The idea is to ease the burden on KID’s tax base, but also gradually “off-ramp” the municipality’s financial support.
The general municipal tax rate increased two per cent for KID in 2022. Forecasted rates put 2023 at an eight per cent increase over 2022, a four per cent increase in 2024 compared to 2023 and a nine per cent increase in 2025 compared to 2024.
“2025 is a big one,” said Dowling. “This is where the current resolution of council to transfer operating contingencies to provide relief to the operating budget ends.
“Council was intent on trying to offer a soft off-ramp to that relief process from 2020.”
The five-year capital plan also includes large expenses for KESC, including payments for the acquisition of an aerial firetruck.
The proposed 2023 capital budget includes $1.19 million in capital spending, with the primary funding sources being provincial grants. Contingency reserves make up the rest of the required funds to secure capital expenditures in 2023.
Of particular significance in the capital budget and plan is the new replacement of the KID aerial firetruck, also known as the Quint.

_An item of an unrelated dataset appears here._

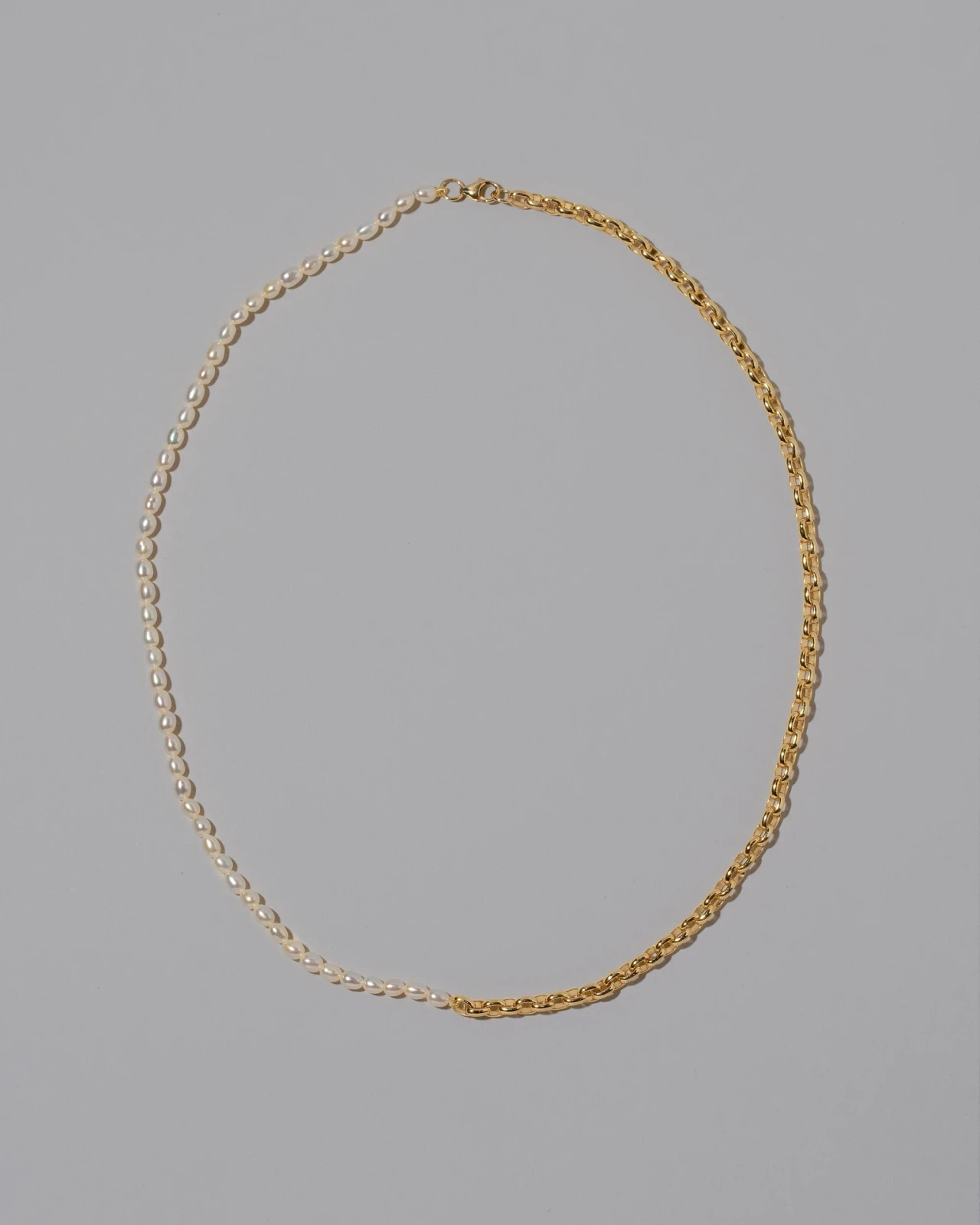 Half Short Loop Chain & White Seed Pearl Necklace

The 2024-28 capital plan specifies the full possession and delivery of the apparatus, but a significant down payment of $498,410 is required in 2023 to ensure delivery by 2024, with another $30,000 for repair and maintenance of KESC’s existing Quint firetruck.
The full cost of the new firetruck is confirmed at $1.56 million, with $914,408 coming from MSI funding and $650,000 from capital and operating contingency reserve funds.

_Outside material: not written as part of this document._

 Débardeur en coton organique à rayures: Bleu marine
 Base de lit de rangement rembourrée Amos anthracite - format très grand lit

Council opened 2022 with $3.66 million in reserves and is forecasted to end 2023 with $2.03 million, a depletion of $1.634 million, with another $3.99 million in expenditures from 2024-28. Reserve balances are forecasted to be around $2.24 million by the end of 2028.

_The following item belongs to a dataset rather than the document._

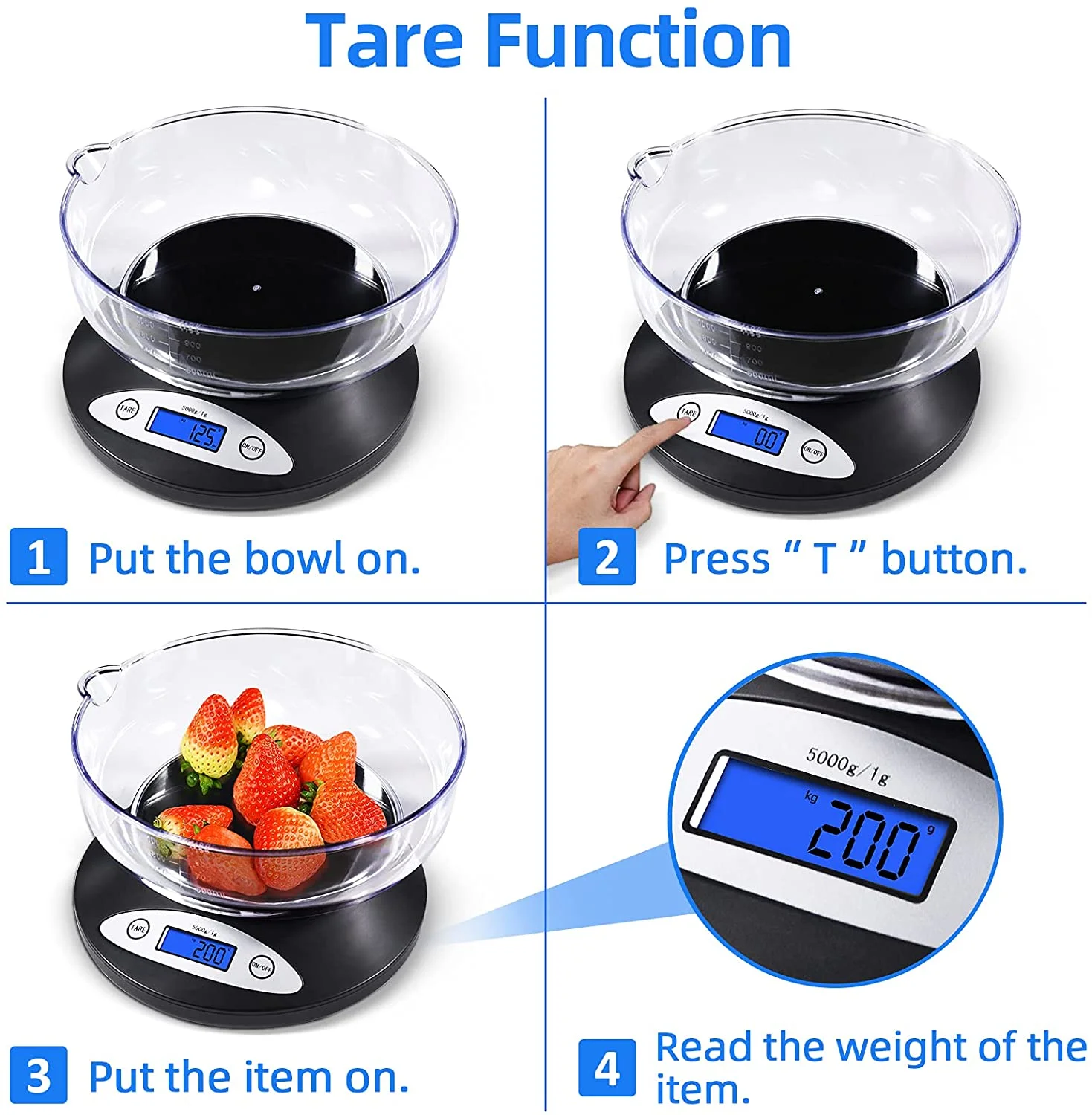 Digital Kitchen Scale, Highly Accurate 5000g/11lb x 0.1oz, Food Scale for Cooking, Baking and Weight Loss, Kitchen Scale with Bowl 2 Modes and Tare Features, Back-lit LCD Display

Other capital expenditures expected for 2023 include the fire protection non-routine maintenance program ($75,000); a transit service feasibility study ($20,000); electric vehicle charging stations feasibility report ($10,000); water metre replacements ($30,000); FireSmart programming and project management ($200,000); telecommunication costs, as a placeholder with project details forthcoming in 2023 ($300,000); community association grants ($20,000) and Kananaskis Public Access Defibrillator Maintenance (KPAD) ($2,500).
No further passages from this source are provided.